⟨

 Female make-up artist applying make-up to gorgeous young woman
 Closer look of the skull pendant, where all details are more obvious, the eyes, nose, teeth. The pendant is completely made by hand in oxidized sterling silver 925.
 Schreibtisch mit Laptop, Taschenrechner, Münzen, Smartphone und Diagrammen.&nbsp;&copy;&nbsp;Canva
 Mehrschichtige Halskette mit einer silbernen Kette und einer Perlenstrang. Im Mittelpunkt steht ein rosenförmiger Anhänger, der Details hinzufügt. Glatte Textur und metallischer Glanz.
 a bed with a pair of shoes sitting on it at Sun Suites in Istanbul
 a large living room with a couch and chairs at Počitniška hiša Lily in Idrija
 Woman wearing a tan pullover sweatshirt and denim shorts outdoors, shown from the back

⟩
⟨

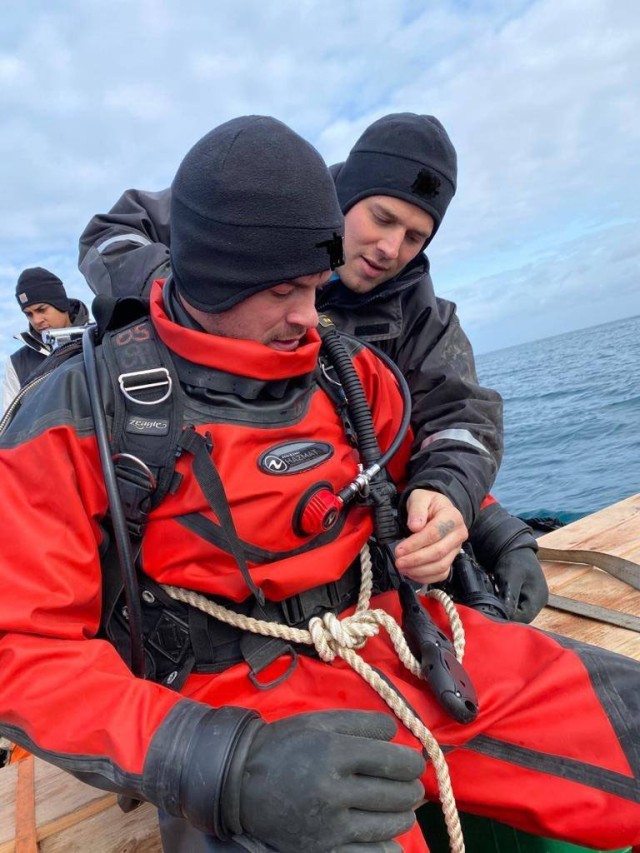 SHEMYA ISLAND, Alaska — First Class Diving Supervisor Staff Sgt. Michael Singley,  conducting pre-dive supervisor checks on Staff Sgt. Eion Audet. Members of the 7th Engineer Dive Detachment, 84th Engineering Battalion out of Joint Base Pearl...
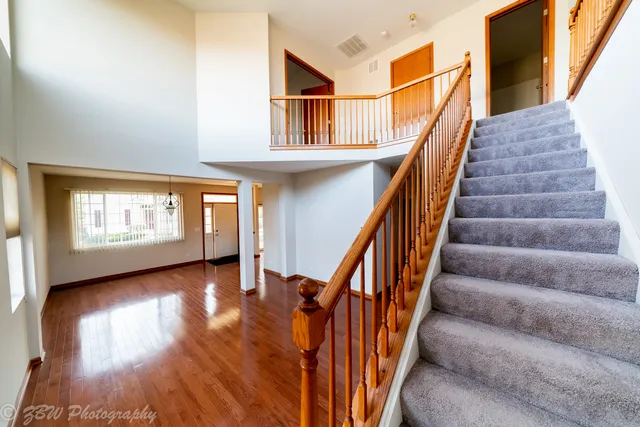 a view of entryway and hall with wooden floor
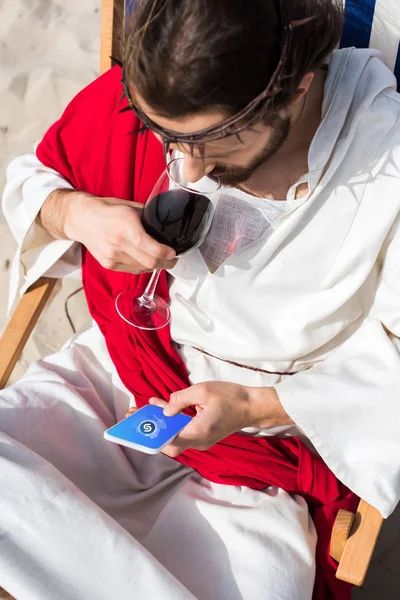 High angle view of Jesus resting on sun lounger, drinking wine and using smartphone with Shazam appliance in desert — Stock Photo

⟩

# Work order:
Starting at the line above that holds "a bed with a" and ending at the line that holds "Woman wearing a", transcribe each line exactly and include no other lines.

# Result of this task:
 a bed with a pair of shoes sitting on it at Sun Suites in Istanbul
 a large living room with a couch and chairs at Počitniška hiša Lily in Idrija
 Woman wearing a tan pullover sweatshirt and denim shorts outdoors, shown from the back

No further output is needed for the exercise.